I noticed that there is no specific code for dataset prediction, and the memory consumption might be suboptimal, but this is a minor issue. (Keep in mind to run the pairs one by one)
However, something is strange here: 7728c3d should have removed this nb_max_runs argument ; it should be deprecated... This comes from an old version of the code; could you execute ? :
print(cdt.__version__)
Otherwise, you could get some more performance my monitoring the GPU compute consumption (The % on the right in nvidia-smi) and the memory consumption. setting n_jobs to 6*k and n_runs=32, it's a nice trick to cut down computation time.
Best,
OH yeah are were right somehow didn't get the latest version. Could you tell me what you changed besides removing the Testing bit training 1000 epochs is a lot faster somehow now.

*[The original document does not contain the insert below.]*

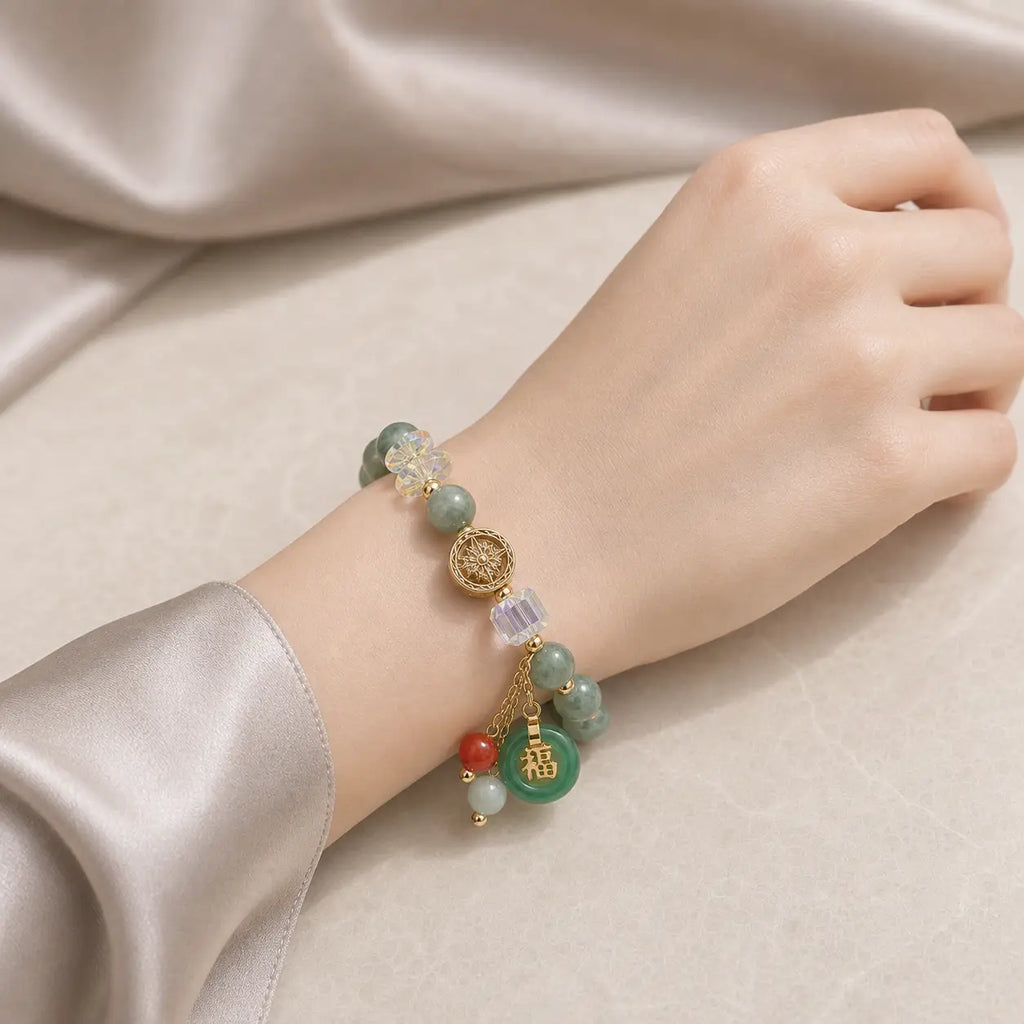 Song Yne Strawberry Quartz Jade Fu Healing & Luck Bracelet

I am also curious how people still go results with the wrong loss function lol
Thanks a lot for your help btw.
The dataset management is done differently: the PyTorch Dataset feature might be a bit tricky to use, so i simplified it a lot and used the proposed TensorDataset class that eases the use of this feature. (thus cutting down computation time for most of the cases)
There were maybe some (unconfirmed) performance issues on GNN (#44), could you check if the performance is still good ? (values around the ones from the paper) ; I was afraid that I broke something during the refactoring.
I'll be closing this issue, don't hesitate to open a new issue if a performance issue on GNN arises. Fingers crossed that it was the bug that you noticed !
Hi,
I just read through the CGNN code, mainly interested in the pairwise version.
It looks like the criterion in computing the MMD(y, y_pred) https://github.com/FenTechSolutions/CausalDiscoveryToolbox/blob/32200779ab9b63762be3a24a2147cff09ba2bb72/cdt/causality/pairwise/GNN.py#L111
However, in the original paper the compute the MMD([x, y], [x, y_pred]) https://github.com/GoudetOlivier/CGNN/blob/e3fcfc570e30fb8dad8bf00f619ef3c21998bb90/Code/cgnn/GNN.py#L70
Thanks a lot for the repo and the reply. Helped me understand a lot of new things.